ANNO 9 n° 197
Piscina, via libera
dal consiglio alla riapertura
Ok all’affidamento provvisorio a Federnuoto. Minoranza critica per l’assenza di clausole sociali
31/05/2019 - 14:19

 

di Annamaria Lupi

VITERBO - Eliminati tutti i contenuti che avevano creato malumori sia in parte della maggioranza che dell’opposizione. La prima delibera sull’affidamento in gestione provvisoria della piscina comunale era stata aspramente criticata perché, più che un atto di indirizzo, si presentava come una vera e propria convenzione in cui erano stati individuati gestore, condizioni e costi spettanti rispettivamente al contraente e al Comune.

Quella emendata, presentata stamani in aula dalla maggioranza, indica alla Giunta le linee di indirizzo da seguire per lo schema di convenzione.

Per quanto concerne la durata dell’affidamento è fissata al 31 dicembre, salvo eventuali proroghe utili alla definizione della procedura per la concessione pluriennale dell’impianto, e comunque per un massimo di 6 mesi.

Il Comune dovrà provvedere unicamente ai costi relativi a manutenzioni, utenze e rimborso delle spese sostenute dal contraente fino a un massimo di 80mila euro mentre il gestore individuato dovrà sostenere i costi del personale impiegato nella conduzione della piscina e nello svolgimento delle attività.

Al contraente sono garantiti i proventi delle attività sportive e altre autorizzate all’interno dell’impianto.
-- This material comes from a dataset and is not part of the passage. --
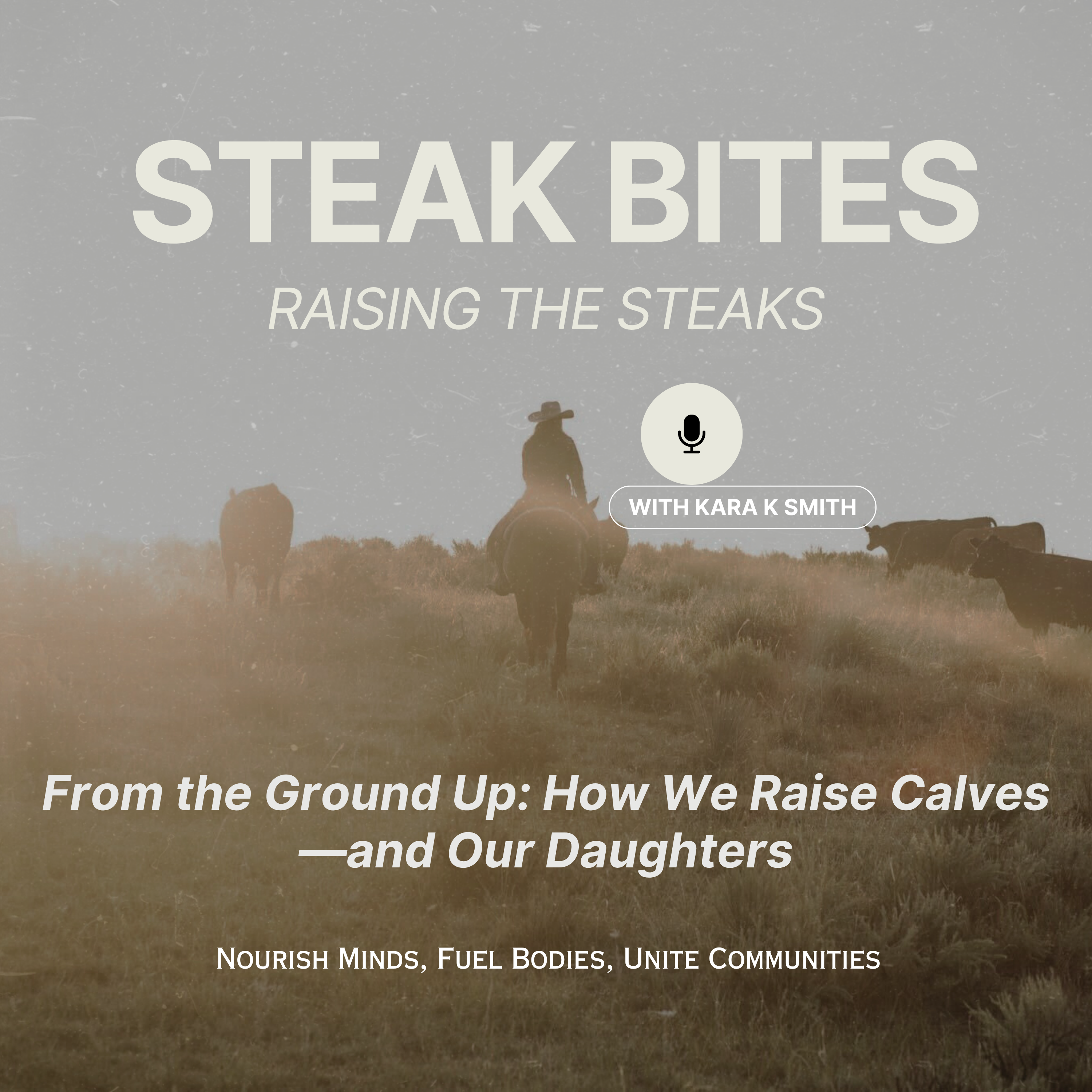 Steak Bites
Entrate che qualora fossero cospicue eviterebbero all’amministrazione la corresponsione della sorta di franchigia degli 80mila euro.

Infine, si fissa al 30 giugno la data entro cui il parlamentino di Palazzo dei Priori approverà le linee di indirizzo relative all’avviso pubblico per la concessione pluriennale della gestione della piscina in località La Pila.
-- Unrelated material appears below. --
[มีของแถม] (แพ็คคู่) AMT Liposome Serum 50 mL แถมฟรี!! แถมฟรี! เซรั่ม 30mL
Tutti gli emendamenti, proposti dai gruppi di opposizione, finalizzati prevalentemente all’inserimento di clausole a tutela dei lavoratori, degli utenti che hanno sottoscritto degli abbonamenti e dei gestori di attività commerciali interne all’impianto sono stati respinti.

“Una delibera incompleta” stigmatizzano e il consigliere Pd Alvaro Ricci rimarca, rivolto alla maggioranza: “Dovreste ringraziarci perché, con le nostre osservazioni, avete limitato i danni economici. Potevate però fare uno sforzo in più per tutelare le categorie interessate”.